«Он уже начал в это время (1829 г.) свою “Осаду Флоренции”
[96] и прочел нам ее вступление. От чтения у него кровь приливала к голове и он смачивал себе лоб водою. Он очевидно много думал о себе; мелкое преследование, которое следовало бы переносить с усмешкою, переполняло его душу негодованием. Но в то же время он много думал и об отечестве, о его минувшем величии и о его будущем. Мне казалось, что его итальянская и личная гордость, быть может, и не предохранит его от личных заблуждений, но уж наверное не допустит его до низостей, до постыдных уступок и сделок. Его безмерно развитое воображение возбуждает его к деятельности. Но мысль его еще не нашла себе прочных устоев; вскормленная на Макиавелли и на изучении человека в его историческом прошлом, она влекла его к анатомированию, к анализу, которые вполне пригодны для того, чтобы засвидетельствовать факт смерти и указать его причины, но которые вполне бессильны в деле создания и организации возрождения. В нем я видел два враждебные между собой существа; между ними не было связи, примирения, не было той гармонии, которая дается твердой верой или сердечной теплотой. Он ничего не любил; уважал и того меньше. Напрасно я искал в нем искры того огня, которым искрились глаза Карло Бини, слушавшего с материнской нежностью и гордостью чудные страницы “Осады Флоренции”, который потом итальянская молодежь заучивала наизусть. В это время мы с особенным волнением глотали доходившие к нам из Франции, исторические лекции Гюзо
[97] и философские Кузена
[98], имевшие в своем основании ту доктрину преемственности прогресса, которая заключает в себе религию будущего. Мы тогда еще не предвидели, что ровно через год вся эта доктрина разрешится Луи-Филиппом
[99] и буржуазной хартией июльской монархии. Я вычитал эту же самую доктрину в дантовом трактате “О монархии”, вообще мало читаемом и редко понимаемом в его настоящем значении. Я любил это учение и с жаром заговорил о нем. Гверраци улыбался полупечально, полунасмешливо. Мне стало страшно от этой его улыбки, словно в ней я читал указания на все опасности и соблазны, которые ожидают в жизни этого привилегированного человека. Я даже не имел духу заикнуться ему о главной цели своего посещения (т. е. о предложении основать в Ливорно карбонарскую вендиту). Я уезжал, препоручив это дело Бини. Тем не менее я уважал его; меня очаровывал его мощный ум и его благородная гордость, которая в моих глазах была порукой за честное будущее» (Мадзини, «Ореге [Сочинения]», ч. I, с. 29–30).
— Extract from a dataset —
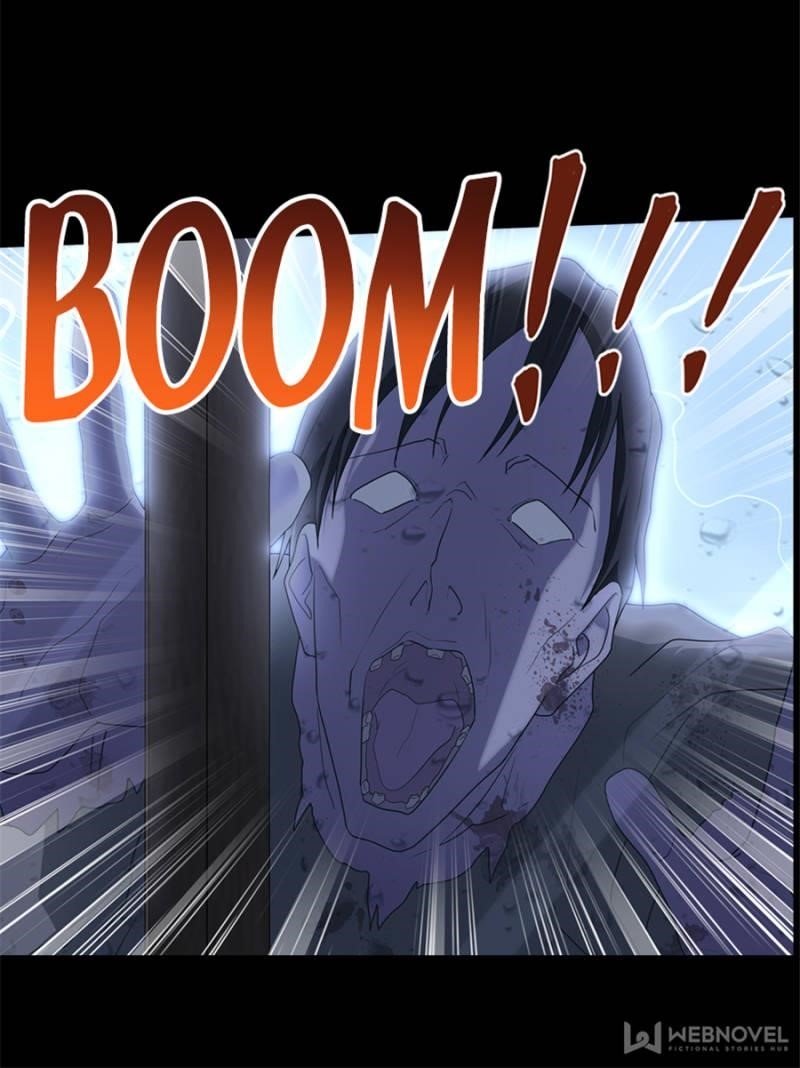 Page 6 of Chapter 74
Таким образом, антагонизм идеалистической, организаторской натуры Мадзини с анархической натурой его ливорнского сотрудника сказался уже во время первого их свидания. Равносильные по закалу, обе эти натуры могли, разумеется, заключать только временные, деловые союзы, для того, чтобы рано или поздно разойтись каждая своим путем.
Роль Гверраци, в деле итальянского национального возрождения была второстепенная, но тем не менее он сделал для него не мало и его влияние резко отразилось на умах двух деятельных итальянских поколений.
II
Гверраци, как и Мадзини, не хотел и не мог довольствоваться тем огуловым, узко-националистическим протестом, который составлял, так сказать, повальный нравственный фонд итальянского общества того времени. Но Мадзини сумел расширить рамки этого самого протеста, вдохнуть в него живительный общечеловеческий смысл. Гверраци избрал другой путь. В сотрудничестве с Бини он пытается приобщить итальянское общество к интересам общеевропейского умственного движения, ввести итальянскую литературу в область европейских литератур; усвоить Италии вне ее выработанную мысль, как Джоберти, Мании и другие усвоили ей вне ее выработанный склад политической жизни.
В мечтах самых смелых итальянских прогрессистов слишком значительную роль постоянно играла реакция: возобновление старого, давно отжившего. Итальянское общество как будто оледенело на той точке, когда муниципальная гражданственность, столь пышно расцветшая на развалинах старого мира, была последним крайним словом цивилизации. Но с тех пор Европа жила, а Италия умирала. Европа пережила и выработала многое; Италия оставалась враждебно-чуждой ее жизни и ее развитию.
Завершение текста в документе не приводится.